As a latecomer to industrialization, Africa is in a position to be able to define and design its own pathway based on its own realities and learning from history and the experiences of other regions to leapfrog traditional, carbon-intensive methods of growth and champion a low-carbon development trajectory, says the United Nations’ Resident Coordinator in South Africa, Tobias Takavarasha.
Speaking during the launch of the Economic Report on Africa (ERA) 2016, Mr. Takavarasha said that the report was a catalyst for driving a new African order and the Africa that people wanted, which was being championed by the Economic Commission for Africa (ECA).
ERA 2016 highlights that Africa is poised for growth through green industrialization, with case studies of projects in several countries, among them Kenya and Malawi, showing how countries can develop through green industrialization. The report however, notes a lack of or inadequate infrastructure conducive for greening Africa's industrialization process but acknowledges the willingness of African governments to transition from coal to greener pathways of development.
Pointing out that industrialization was at the heart of Africa's structural transformation agenda, Mr. Takavarasha said, “ECA is championing Africa's industrialization using a clean, inclusive and sustainable pathway.” He addedthat with significant opportunities to transform the agricultural sector with value added agro processing, Africa could reverse the trend of countries on the continent spending an estimated US$30 billion a year exporting processed foods.”
For his part the Director Microeconomic Policy Division at ECA, Adam Elhiraika said greening Africa's industrialization was both beneficial and possible for Africa. "Green industrialization is the way to go for Africa - it's good for long term inclusive growth, it ensures ecosystem integrity, climate-resilient development and is a cost saving measure through the use of advanced technologies."
However, another discussant, Saul Levin, Executive Director, Trade and Industrial Policies cast doubt on the practicality of Africa pursuing a green industrialization agenda with no clear path of how to achieve it. He argued that every country that had industrialized used all forms of pathways including high-carbon coal. "I don't know any country that has industrialized using the model of green and renewable energies.

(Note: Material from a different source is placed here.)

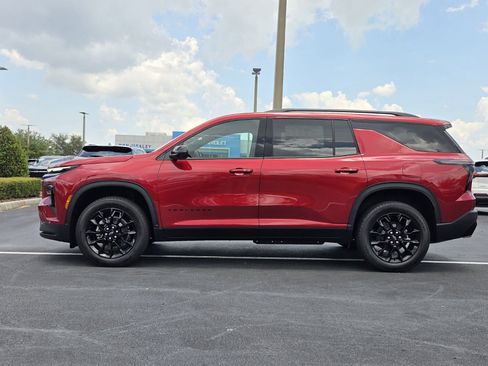 New 2026 Chevrolet Traverse LT w/ Midnight/Sport Edition FWD image 3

This requires lots of investment and high skills - we are short of both in Africa" he said.
Levin said the concept of leapfrog industrialization was not clear enough and that "Structural transformation does not mean going green" Further, he argued that African economies were energy intensive, requiring constant supply of energy and wondered if renewables would meet such a demand.
"The challenge is how to industrialize without halting the continents development and its already beleaguered industries and factories" Levin said.